Repeat values in input variable of regression?

Hello everyone,

I have a question regarding fitting a non-linear regression model with Stan but with repeating values in the input variables.


I have an observed variable y, which depends on some predictors, let’s call the variables x1, x2, and x3. The regression model is as follows:


data{
real N;
real k1;
real k2;
vector[N] y;
vector[N] x3;
matrix[N,k1] x1;
matrix[N,k2] x2;
}
parameters{
vector[k1] beta_1;
vector[k2] beta_2;
real sigma;
}
model {
  vector[N] mu;
  vector[N] reg_1;
  vector[N] reg_2;
  reg_1 = x1*beta_1;
  reg_2 = x2*beta_2;
  mu = (exp(reg_1) .* exp(reg_2) .* x3) ./ (rep_vector(1,N) + (exp(reg_1) .* x3) );
  //Some priors here//
  y ~ normal(mu, sigma); 
} 

However, there are multiple values of x3 observed for any given value of x1 and x2. The context is that x1 and x2 describe a material, while x3 describes measurement conditions, and the combination of the three can predict an outcome y.
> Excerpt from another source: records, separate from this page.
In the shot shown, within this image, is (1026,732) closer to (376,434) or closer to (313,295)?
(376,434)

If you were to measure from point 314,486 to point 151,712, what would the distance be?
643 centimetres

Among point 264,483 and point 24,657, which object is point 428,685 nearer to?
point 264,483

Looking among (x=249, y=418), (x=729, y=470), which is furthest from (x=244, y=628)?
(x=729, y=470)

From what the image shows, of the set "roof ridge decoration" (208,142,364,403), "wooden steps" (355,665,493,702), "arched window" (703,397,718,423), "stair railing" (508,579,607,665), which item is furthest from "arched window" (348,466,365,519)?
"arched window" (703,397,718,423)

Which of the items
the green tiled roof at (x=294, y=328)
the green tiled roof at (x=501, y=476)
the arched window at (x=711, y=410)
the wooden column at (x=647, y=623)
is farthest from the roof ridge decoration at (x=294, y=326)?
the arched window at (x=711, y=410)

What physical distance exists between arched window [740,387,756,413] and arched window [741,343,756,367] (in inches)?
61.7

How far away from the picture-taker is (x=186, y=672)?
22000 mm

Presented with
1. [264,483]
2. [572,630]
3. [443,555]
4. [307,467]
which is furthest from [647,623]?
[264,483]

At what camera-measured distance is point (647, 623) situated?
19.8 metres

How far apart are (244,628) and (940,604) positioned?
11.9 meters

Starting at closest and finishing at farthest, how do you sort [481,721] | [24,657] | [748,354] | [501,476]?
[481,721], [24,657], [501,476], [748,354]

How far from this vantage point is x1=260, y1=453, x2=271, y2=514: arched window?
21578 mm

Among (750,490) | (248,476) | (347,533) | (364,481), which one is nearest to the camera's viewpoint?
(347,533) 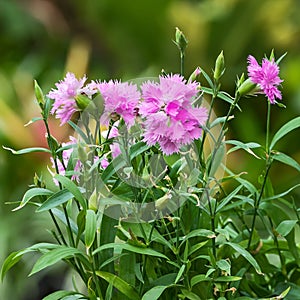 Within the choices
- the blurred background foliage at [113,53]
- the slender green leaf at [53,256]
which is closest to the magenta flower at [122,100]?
the slender green leaf at [53,256]

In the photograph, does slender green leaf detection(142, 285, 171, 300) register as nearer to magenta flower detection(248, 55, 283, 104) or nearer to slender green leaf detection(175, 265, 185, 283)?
slender green leaf detection(175, 265, 185, 283)

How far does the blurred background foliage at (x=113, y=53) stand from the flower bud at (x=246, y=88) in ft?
3.55

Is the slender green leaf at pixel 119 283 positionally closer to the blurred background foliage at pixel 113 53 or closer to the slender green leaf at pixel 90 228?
the slender green leaf at pixel 90 228

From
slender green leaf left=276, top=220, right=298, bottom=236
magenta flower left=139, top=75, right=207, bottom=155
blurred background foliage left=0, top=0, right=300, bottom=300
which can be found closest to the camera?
magenta flower left=139, top=75, right=207, bottom=155

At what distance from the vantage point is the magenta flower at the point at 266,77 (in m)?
0.50

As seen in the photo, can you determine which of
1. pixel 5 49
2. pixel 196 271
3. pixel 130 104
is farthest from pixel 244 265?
pixel 5 49

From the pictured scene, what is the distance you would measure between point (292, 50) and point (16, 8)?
137 cm

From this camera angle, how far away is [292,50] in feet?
9.19

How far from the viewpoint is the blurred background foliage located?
173cm

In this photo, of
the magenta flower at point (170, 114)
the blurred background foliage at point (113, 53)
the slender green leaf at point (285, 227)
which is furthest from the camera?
the blurred background foliage at point (113, 53)

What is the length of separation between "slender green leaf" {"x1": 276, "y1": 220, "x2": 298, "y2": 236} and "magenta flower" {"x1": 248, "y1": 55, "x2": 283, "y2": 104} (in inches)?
5.6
What I am worried about is the error estimation of the parameters. Let’s say I only have 4 distinct values x1 and x2 (i.e., I have 4 materials) but I measured them at 4 different conditions each, so I have 16 values of x3 and y.

My question is, will the repeat values of x1 and x2 cause the posterior draws of the parameter estimates of beta from Stan to be overly confident/narrow? And if so how can I rectify that issue? I was planning on making a hierarchical version of this model after this, so I would like to know if that would help.
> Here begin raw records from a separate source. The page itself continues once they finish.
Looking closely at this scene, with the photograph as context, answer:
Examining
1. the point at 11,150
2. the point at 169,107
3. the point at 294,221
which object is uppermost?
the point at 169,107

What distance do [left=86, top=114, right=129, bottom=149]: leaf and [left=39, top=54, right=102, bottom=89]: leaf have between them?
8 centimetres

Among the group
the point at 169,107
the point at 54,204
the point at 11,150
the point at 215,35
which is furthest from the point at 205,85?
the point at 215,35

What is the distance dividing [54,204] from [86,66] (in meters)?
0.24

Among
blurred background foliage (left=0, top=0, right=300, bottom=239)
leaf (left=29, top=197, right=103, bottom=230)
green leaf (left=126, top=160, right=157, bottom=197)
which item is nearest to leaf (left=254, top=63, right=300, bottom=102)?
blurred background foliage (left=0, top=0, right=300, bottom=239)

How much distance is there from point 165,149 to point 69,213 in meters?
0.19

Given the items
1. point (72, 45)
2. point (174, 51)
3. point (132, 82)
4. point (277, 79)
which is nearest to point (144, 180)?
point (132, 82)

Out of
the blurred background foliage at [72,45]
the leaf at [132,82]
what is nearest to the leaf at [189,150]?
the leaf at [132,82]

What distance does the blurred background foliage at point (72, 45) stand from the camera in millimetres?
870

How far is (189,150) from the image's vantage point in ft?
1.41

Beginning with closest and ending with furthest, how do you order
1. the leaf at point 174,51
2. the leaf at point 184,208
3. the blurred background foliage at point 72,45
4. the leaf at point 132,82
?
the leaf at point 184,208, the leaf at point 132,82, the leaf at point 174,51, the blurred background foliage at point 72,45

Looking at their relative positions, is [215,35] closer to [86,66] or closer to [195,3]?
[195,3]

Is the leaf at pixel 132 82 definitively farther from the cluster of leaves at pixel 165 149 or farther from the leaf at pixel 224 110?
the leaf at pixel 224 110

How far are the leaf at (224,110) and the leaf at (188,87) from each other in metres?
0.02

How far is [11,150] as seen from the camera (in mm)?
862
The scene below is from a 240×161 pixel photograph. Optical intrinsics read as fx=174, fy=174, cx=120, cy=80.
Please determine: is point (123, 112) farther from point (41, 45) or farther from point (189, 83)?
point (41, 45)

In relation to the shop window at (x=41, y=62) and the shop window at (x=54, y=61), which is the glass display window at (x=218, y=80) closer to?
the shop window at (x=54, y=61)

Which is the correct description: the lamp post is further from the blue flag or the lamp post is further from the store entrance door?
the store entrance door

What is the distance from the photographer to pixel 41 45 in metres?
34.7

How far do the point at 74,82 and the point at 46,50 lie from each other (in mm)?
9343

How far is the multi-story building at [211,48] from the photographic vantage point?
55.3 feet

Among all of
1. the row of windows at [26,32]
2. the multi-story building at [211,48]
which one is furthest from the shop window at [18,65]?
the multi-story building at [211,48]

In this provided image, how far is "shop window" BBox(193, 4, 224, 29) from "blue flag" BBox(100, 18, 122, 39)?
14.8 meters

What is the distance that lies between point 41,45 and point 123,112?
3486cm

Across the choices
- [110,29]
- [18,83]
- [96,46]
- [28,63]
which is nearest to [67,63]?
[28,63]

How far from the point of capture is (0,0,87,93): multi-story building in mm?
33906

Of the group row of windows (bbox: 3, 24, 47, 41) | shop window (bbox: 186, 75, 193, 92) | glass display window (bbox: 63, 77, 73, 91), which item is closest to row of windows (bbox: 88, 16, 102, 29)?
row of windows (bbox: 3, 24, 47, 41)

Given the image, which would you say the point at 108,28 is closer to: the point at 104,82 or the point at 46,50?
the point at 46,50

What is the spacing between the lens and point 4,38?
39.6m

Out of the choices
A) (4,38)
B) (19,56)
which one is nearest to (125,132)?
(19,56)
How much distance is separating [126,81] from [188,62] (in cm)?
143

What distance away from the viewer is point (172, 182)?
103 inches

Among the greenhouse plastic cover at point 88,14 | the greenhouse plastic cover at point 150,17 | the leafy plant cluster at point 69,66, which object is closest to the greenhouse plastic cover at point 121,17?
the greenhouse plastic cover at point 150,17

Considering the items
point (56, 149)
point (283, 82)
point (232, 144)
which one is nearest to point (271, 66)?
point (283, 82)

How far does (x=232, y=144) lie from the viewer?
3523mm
I’m sorry for the very naive question. I ask this because my real data has ~3900 observations of y and x3 but only ~70 distinct observations of x1 and x2. It successfully fit the model, but the resulting fit seems to have so little uncertainty in the estimates despite me using only a weakly informative prior. In fact, plotting the posterior draws with mcmc_intervals seems to return a dot. This caused me to be suspicious of the results.

Any help would be very appreciated.

Nope! Repeated observations of predictors should-and-does yield appropriately more certainty in the inference on their effects.

1 Like

One way to think this is that for exponential family the log-likelihood would be an affine function of the sum of the individual observation sufficient statistics. Specifically additional observations directly affect the score function, thus change the sensitivity of log-likelihood w.r.t the parameters.

1 Like

Thank you very much for the answers and explanations! I think I understand it a little bit better now.